- In THE PASSAGE, a top-secret military experiment called Project NOAH trying to foster eternal life instead creates a virus that turns people into vampires. A little girl is the only one who can save them, aided by a Harvard professor. (Cronin went to Harvard, by the way.)
- If we had all been paying attention in the summer of 2007, we might have followed Cronin's $3.75M deal for the trilogy... indicating that it would either be big or fail grandly. This was just two years after the first volume of that other vampire series hit the bestseller lists, and the same summer the third in that series came out.
- After being on the 'literary' track for several years with the novels MARY AND O'NEIL and THE SUMMER GUEST, he sent THE PASSAGE out under a pseudonym, guessing that publishers would pigeonhole him without looking at his work. (Can't say he's wrong.)
- (This bullet is blank because one of my coworkers just sent me Sad Keanu and I got distracted)

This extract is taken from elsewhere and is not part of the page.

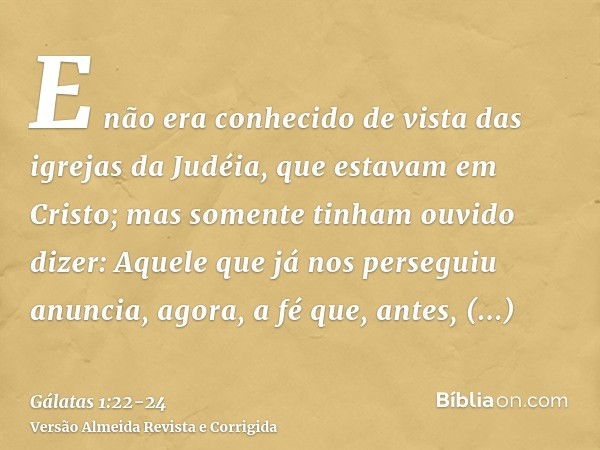 E não era conhecido de vista das igrejas da Judéia, que estavam em Cristo;mas somente tinham ouvido dizer: Aquele que já nos perseguiu anuncia, agora, a fé que,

- Time: "Even when as a kid, I was reading these big, fat summer books — fat as a Rueben sandwich."
- NY Times review: "This already-exhaustive book is studded with diary entries, academic papers and other ostensible evidence that its fictitious stories of destruction are true. Every now and then, as when the Gulf of Mexico is described as an oil slick, these accounts are even scarier than intended."
8 hours ago
1 comment:
I checked out this book in Barnes & Noble today. Important writers are blurbing it, but I'm always a little reluctant when something is so clearly the beginning of a long series; similarly, movies that are clearly attempting to start a franchise almost always end in a disappointingly predictable cliffhanger.